Le discours a changé, plus volontaire dans les mots. Les conséquences aussi de cette première défaite qui lui a arraché un "désolé" adressé aux siens à la caméra juste après le combat et des larmes peu après. "Il y a eu un déclic, analyse Alpha Cissokho, combattant MMA et sparring-partner de Gane. C’est la défaite contre Ngannou qui lui a donné encore plus faim. Juste avant Ngannou, j’étais avec lui à Los Angeles, et il le voyait comme le boss final de son jeu vidéo. Le fait d’avoir perdu lui a donné envie de retenter sa chance et d’aller jusqu’au bout. La défaite peut être bonne pour lui dans ce sens et je pense que c’est ce déclic-là qui lui a annoncé ça. Il ne l’avait pas avant mais maintenant, il l’a. C’est en train de venir. Et on le verra samedi avec ce qu’il dira à la fin après sa victoire."
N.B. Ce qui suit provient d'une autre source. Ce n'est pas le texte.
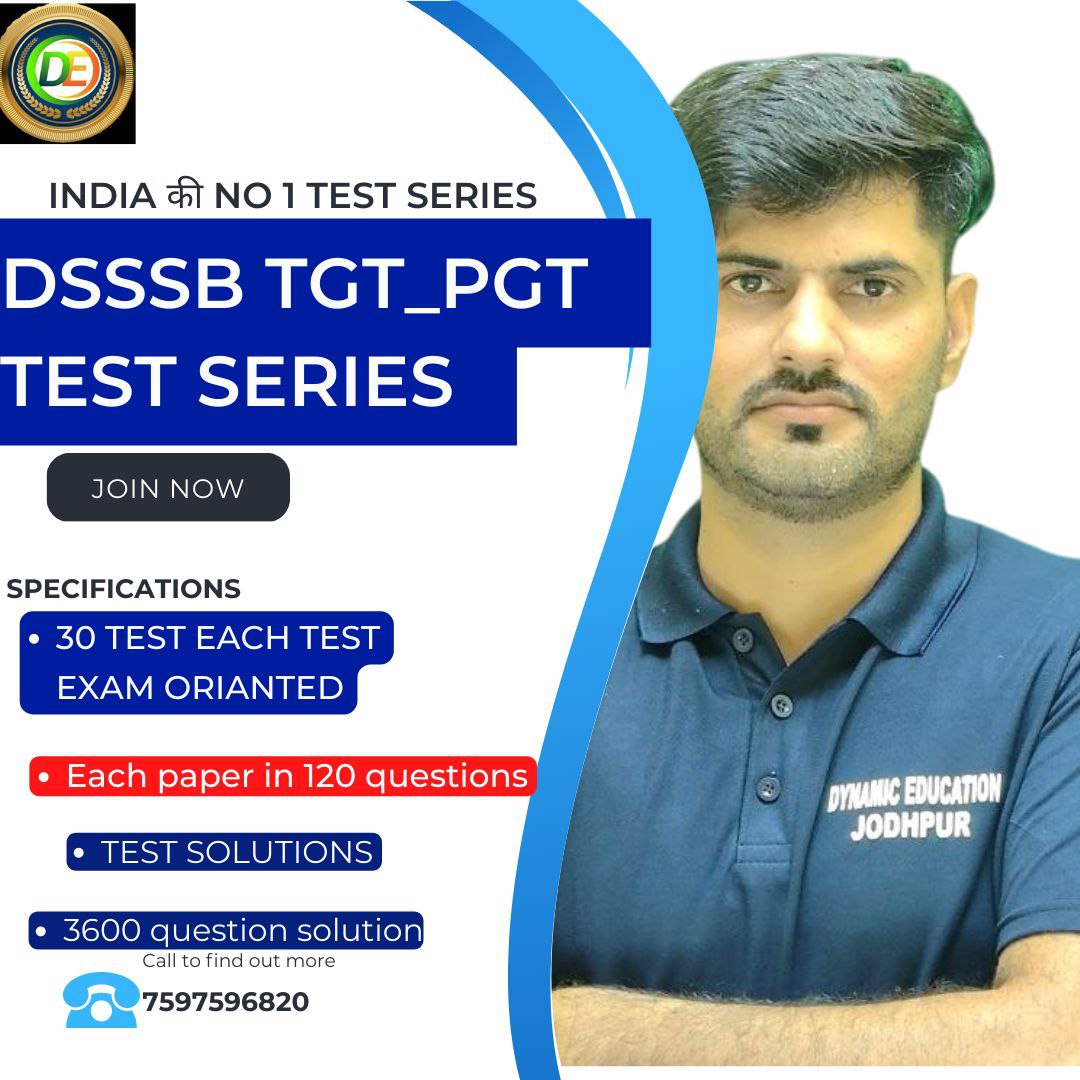 TEST SERIES FOR DSSSB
Ces derniers temps, Gane a expliqué qu’il ne voulait plus autant sa revanche contre le Camerounais – dont l’avenir à l’UFC reste flou – car il était "passé à autre chose". Mais ces derniers jours, en conférence de presse, il a rappelé vouloir une nouvelle chance pour le titre au plus vite. Ira-t-il jusqu’à défier Ngannou (qui sera dans la salle) au micro s’il bat Tuivasa? Ce n’est pas sa spécialité mais le "Bon Gamin" nouveau sait mieux que nous ce qu’il doit faire. A trente-deux ans, et avec à peine quatre années de professionnalisme dans le MMA, Gane en a encore beaucoup sous la semelle. Surtout dans une catégorie où l’âge est moins un facteur freinant. Mais a-t-il vraiment envie de se faire mal pour aller chercher le Graal de la ceinture incontestée de l’UFC? Début de réponse samedi. Où il jouera très gros à plein de niveaux. "S'il y a nouvelle défaite, j'ai peur que ça le asse reculer encore dans l'amour de ce sport, pointe Lapilus. Il peut y avoir une contre-performance mais pas deux. Et la hype autour de lui qui a un peu ralenti depuis la défaite contre Ngannou ralentirerait encore plus."